Problem to work on →
Pictures aside, quote the whole listing exactly.

Data to examine →
┏━━

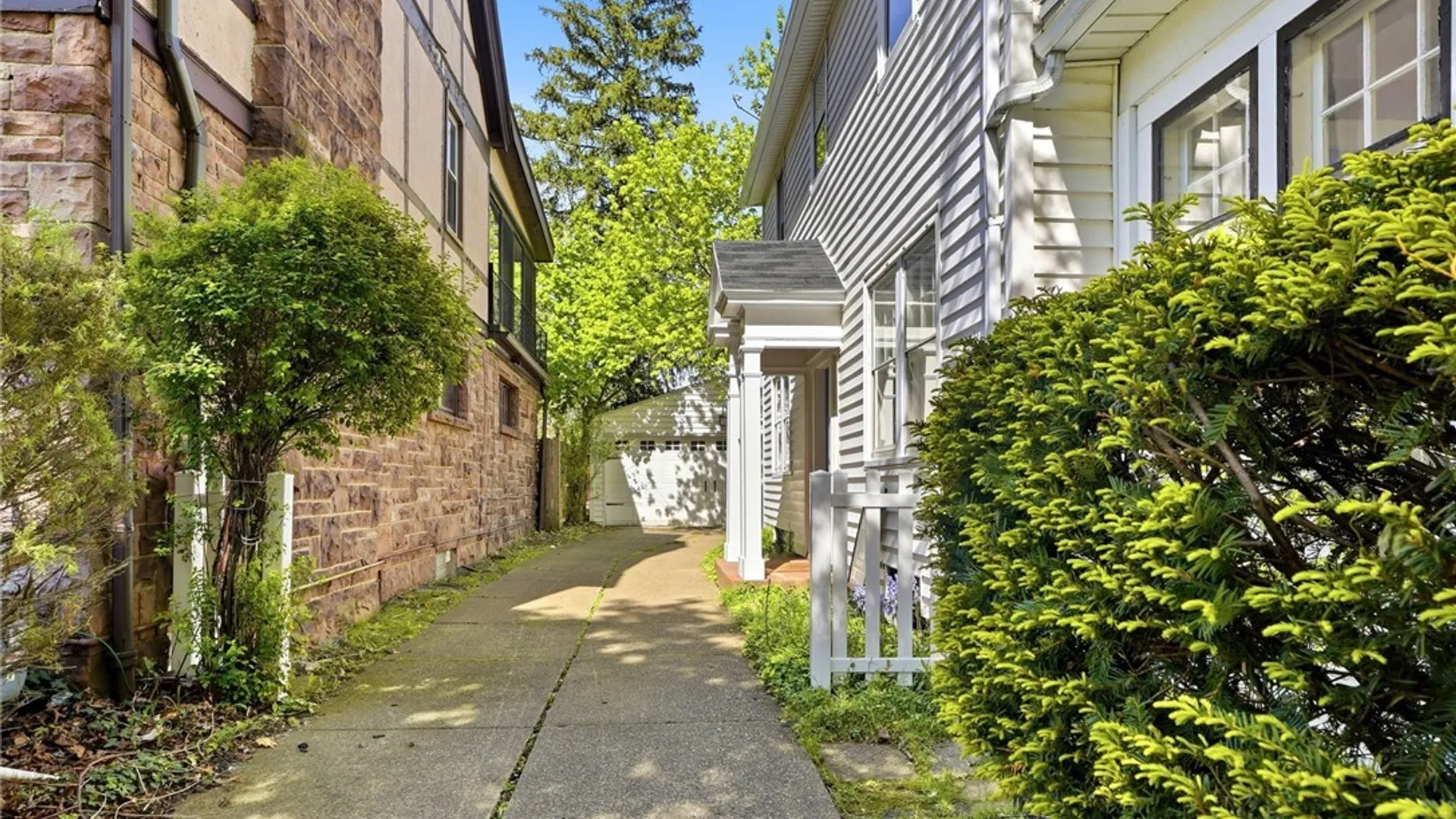 Property at 382 Starin Avenue, Buffalo, NY 14216 37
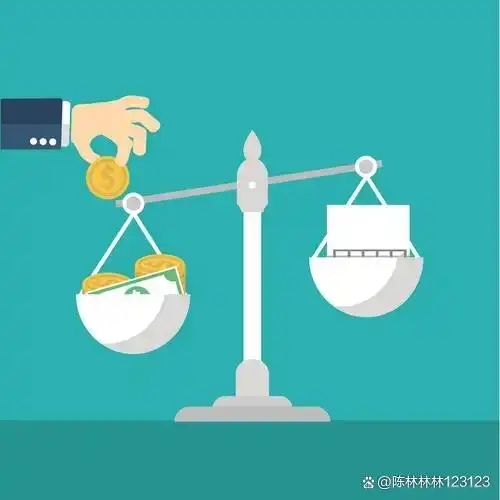 股票杠杆投资选闪配宝，0门槛3分钟开户还送体验金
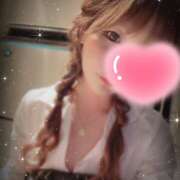 ヒメ日記 2025/09/13 18:14 投稿 はなか クリステル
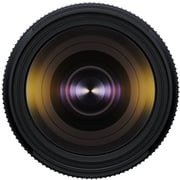 Tamron Sony E 28-75mm Di III VXD G2 Zoom Lens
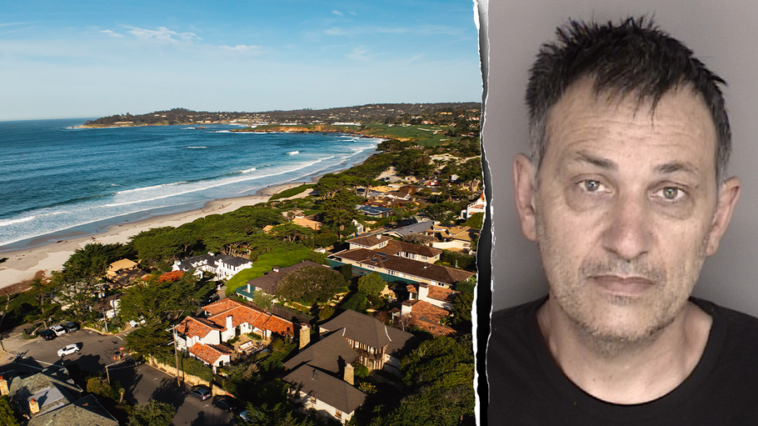 jiu-jitsu-instructor-and-pastor-accused-of-horrific-crimes-against-children-in-exclusive-california-enclave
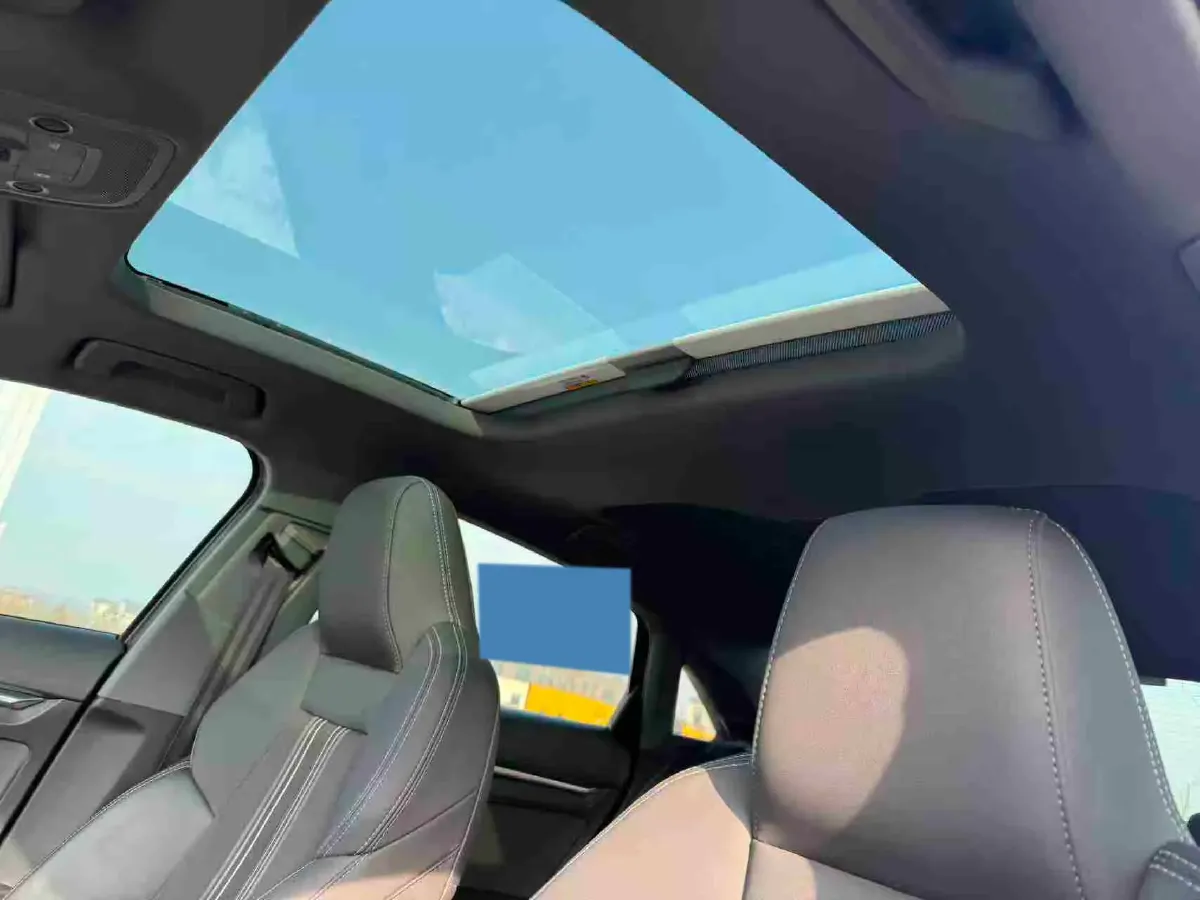 2022 Audi A3 1.4T 150HP L4 7DCT,autocango,china used car exporter,china ev exporter,chinese used car exporter,chinese used ev exporter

┗━━

Solution to this task →
 Property at 382 Starin Avenue, Buffalo, NY 14216 37
 股票杠杆投资选闪配宝，0门槛3分钟开户还送体验金
 ヒメ日記 2025/09/13 18:14 投稿 はなか クリステル
 Tamron Sony E 28-75mm Di III VXD G2 Zoom Lens
 jiu-jitsu-instructor-and-pastor-accused-of-horrific-crimes-against-children-in-exclusive-california-enclave
 2022 Audi A3 1.4T 150HP L4 7DCT,autocango,china used car exporter,china ev exporter,chinese used car exporter,chinese used ev exporter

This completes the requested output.